··· SUPPLIED DATA ···

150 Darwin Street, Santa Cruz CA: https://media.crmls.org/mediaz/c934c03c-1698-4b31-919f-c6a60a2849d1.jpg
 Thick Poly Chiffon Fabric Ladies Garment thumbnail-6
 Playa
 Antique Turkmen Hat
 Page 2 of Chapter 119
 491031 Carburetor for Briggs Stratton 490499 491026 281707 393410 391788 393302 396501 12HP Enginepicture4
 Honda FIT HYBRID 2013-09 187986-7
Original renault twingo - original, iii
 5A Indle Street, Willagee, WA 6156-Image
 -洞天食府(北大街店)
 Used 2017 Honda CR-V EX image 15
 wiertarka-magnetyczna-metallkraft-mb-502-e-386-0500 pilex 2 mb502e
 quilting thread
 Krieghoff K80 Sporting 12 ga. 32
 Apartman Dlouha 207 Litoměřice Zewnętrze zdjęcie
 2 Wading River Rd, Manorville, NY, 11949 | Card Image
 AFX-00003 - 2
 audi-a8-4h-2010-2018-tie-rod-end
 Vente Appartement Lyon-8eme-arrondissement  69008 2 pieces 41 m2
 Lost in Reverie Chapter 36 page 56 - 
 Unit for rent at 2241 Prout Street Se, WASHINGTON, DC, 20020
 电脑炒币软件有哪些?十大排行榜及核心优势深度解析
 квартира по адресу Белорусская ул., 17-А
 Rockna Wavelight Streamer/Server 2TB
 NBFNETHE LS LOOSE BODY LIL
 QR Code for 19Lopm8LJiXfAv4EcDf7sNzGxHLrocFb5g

···

Nothing but the lines from the one with "电脑炒币软件有哪些?十大排行榜及核心优势深度解析" through the final line of the data belongs in the answer, and they must match exactly.

### ANSWER:
 电脑炒币软件有哪些?十大排行榜及核心优势深度解析
 квартира по адресу Белорусская ул., 17-А
 Rockna Wavelight Streamer/Server 2TB
 NBFNETHE LS LOOSE BODY LIL
 QR Code for 19Lopm8LJiXfAv4EcDf7sNzGxHLrocFb5g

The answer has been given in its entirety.